## What needs to be done
Your answer needs to include each line of the records in which the string "World" can be found.

## Exercise material
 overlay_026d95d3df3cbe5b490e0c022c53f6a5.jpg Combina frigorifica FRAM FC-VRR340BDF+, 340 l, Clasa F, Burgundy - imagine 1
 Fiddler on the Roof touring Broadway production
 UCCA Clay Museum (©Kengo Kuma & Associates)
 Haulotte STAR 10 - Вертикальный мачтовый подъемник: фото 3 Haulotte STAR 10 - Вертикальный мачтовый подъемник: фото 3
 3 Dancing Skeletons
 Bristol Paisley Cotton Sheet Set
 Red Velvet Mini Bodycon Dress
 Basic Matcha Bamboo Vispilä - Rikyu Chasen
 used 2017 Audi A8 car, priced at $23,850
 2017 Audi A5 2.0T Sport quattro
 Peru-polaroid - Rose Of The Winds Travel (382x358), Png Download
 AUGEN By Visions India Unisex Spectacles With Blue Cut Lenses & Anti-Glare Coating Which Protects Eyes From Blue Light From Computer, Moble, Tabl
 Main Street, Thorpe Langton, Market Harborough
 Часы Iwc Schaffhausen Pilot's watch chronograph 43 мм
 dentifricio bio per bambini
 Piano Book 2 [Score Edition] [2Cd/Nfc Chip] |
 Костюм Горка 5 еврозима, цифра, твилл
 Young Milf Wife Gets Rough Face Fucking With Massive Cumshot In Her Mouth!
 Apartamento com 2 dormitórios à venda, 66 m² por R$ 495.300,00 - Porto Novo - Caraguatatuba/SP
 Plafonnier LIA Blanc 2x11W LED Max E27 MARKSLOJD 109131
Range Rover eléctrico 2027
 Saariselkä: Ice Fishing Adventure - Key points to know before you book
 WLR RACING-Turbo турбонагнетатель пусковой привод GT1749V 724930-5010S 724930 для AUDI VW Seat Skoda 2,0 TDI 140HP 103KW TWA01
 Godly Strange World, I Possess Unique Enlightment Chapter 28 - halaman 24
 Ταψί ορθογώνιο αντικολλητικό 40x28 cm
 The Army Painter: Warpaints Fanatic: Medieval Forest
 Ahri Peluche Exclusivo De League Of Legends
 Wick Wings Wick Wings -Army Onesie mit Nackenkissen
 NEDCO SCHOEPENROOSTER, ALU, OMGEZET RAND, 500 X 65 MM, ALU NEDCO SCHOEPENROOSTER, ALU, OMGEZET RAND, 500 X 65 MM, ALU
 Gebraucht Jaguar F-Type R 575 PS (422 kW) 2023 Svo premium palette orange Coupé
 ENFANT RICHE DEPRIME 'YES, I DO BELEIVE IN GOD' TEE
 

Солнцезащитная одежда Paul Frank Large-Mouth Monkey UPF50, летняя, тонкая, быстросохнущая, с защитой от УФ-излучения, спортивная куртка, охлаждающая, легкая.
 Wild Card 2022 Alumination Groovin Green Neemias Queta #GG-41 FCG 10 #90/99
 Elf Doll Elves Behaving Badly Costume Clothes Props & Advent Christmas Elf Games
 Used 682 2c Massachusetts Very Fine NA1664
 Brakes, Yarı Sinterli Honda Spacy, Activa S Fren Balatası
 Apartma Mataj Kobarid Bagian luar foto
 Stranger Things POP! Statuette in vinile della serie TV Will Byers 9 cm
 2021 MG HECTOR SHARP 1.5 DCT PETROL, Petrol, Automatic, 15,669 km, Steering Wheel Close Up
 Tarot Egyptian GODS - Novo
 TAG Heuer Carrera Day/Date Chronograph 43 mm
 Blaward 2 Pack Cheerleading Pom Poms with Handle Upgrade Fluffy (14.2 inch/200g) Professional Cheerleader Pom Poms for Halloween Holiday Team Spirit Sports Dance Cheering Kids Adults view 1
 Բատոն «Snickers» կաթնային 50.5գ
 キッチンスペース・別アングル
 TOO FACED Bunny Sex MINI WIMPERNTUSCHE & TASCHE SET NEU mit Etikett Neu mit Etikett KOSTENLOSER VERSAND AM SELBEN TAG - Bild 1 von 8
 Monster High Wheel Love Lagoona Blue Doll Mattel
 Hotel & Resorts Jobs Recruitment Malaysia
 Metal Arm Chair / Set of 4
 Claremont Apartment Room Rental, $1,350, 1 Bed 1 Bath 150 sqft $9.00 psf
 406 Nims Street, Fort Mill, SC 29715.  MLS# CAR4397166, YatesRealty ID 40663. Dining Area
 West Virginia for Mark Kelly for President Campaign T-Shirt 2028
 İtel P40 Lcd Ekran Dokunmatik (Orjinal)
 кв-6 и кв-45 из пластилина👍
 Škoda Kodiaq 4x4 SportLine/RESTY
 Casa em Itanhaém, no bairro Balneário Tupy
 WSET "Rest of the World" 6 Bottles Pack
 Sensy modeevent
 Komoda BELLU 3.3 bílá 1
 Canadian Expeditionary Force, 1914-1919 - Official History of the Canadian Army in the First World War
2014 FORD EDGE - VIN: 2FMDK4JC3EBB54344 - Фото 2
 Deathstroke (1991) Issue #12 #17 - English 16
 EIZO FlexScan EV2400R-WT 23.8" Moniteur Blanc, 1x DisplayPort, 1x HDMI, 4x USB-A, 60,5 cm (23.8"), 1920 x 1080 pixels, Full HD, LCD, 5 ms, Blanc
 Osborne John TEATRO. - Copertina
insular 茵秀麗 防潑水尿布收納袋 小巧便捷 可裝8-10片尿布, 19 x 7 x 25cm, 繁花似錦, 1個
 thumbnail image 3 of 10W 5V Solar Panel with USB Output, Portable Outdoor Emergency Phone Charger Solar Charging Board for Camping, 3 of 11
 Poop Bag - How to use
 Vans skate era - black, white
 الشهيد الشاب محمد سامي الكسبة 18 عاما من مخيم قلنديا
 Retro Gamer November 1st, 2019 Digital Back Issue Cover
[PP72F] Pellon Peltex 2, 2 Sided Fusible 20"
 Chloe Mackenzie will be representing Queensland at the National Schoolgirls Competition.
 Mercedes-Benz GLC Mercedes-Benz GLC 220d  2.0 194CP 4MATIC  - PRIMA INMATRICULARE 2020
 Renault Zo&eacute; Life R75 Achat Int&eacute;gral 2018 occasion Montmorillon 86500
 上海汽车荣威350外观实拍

## Problem solution
 Godly Strange World, I Possess Unique Enlightment Chapter 28 - halaman 24
 WSET "Rest of the World" 6 Bottles Pack
 Canadian Expeditionary Force, 1914-1919 - Official History of the Canadian Army in the First World War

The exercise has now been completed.